### AVAILABLE DATA
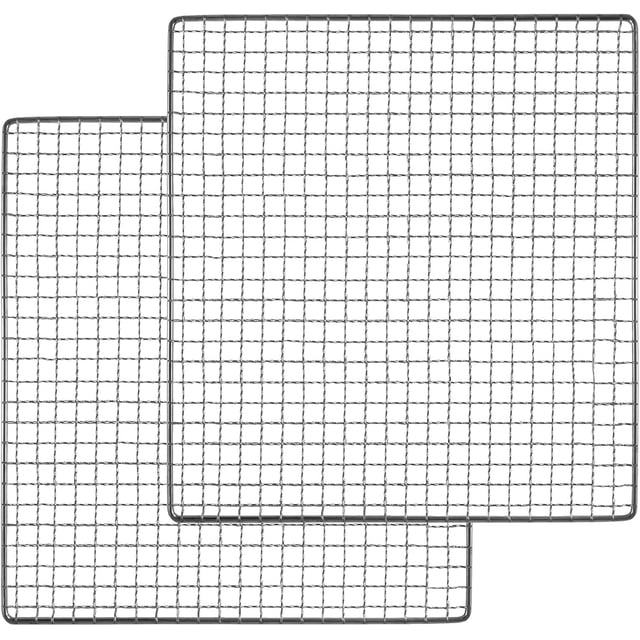 accorios para dhidratador de alimentos, coatibl con cp267-fd, paquete de 2 bandejas de acero inoxidable, c267-2st juego de 2 rejillas de malla de acero inoxidable compatibles con deshidratador FZZC CP267-FD. Vista frontal centrada de dos bandejas cuadradas apiladas y desplazadas sobre fondo blanco; malla de celda fina y marco con borde doblado, dimensiones 14.3 x 13.4 pulgadas. A menudo usadas para secado de frutas o carne deshidratada.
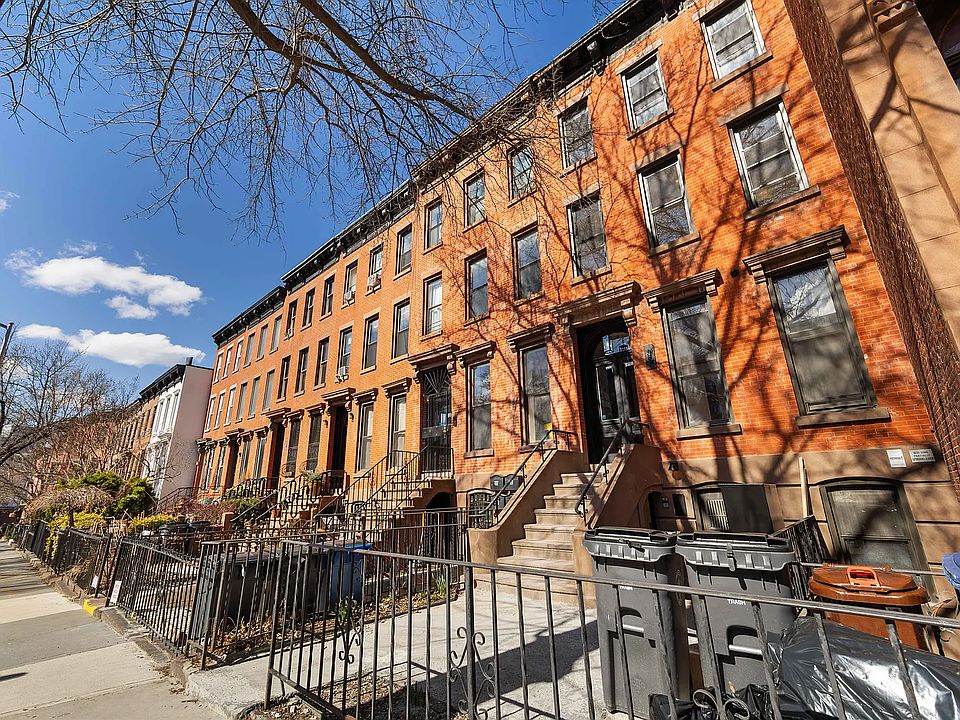 1st image of 35 Park Pl APT 1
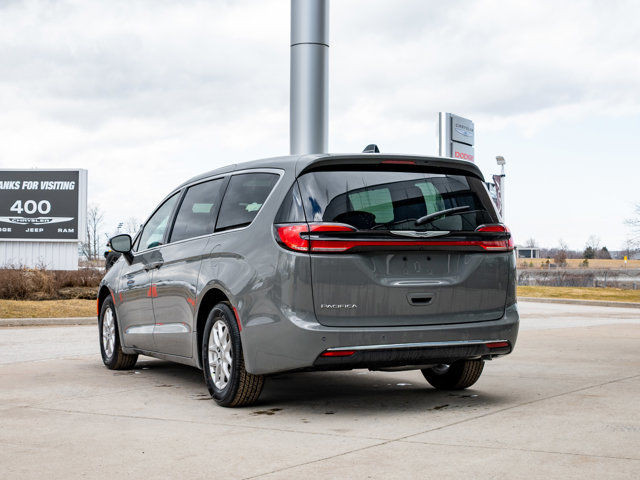 2025 Chrysler Pacifica Select in Cars & Trucks in Barrie - Image 3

### WHAT YOU HAVE TO DO
Please set down the whole listing exactly, apart from the pictures.

### EXERCISE SOLUTION
 accorios para dhidratador de alimentos, coatibl con cp267-fd, paquete de 2 bandejas de acero inoxidable, c267-2st juego de 2 rejillas de malla de acero inoxidable compatibles con deshidratador FZZC CP267-FD. Vista frontal centrada de dos bandejas cuadradas apiladas y desplazadas sobre fondo blanco; malla de celda fina y marco con borde doblado, dimensiones 14.3 x 13.4 pulgadas. A menudo usadas para secado de frutas o carne deshidratada.
 1st image of 35 Park Pl APT 1
 2025 Chrysler Pacifica Select in Cars & Trucks in Barrie - Image 3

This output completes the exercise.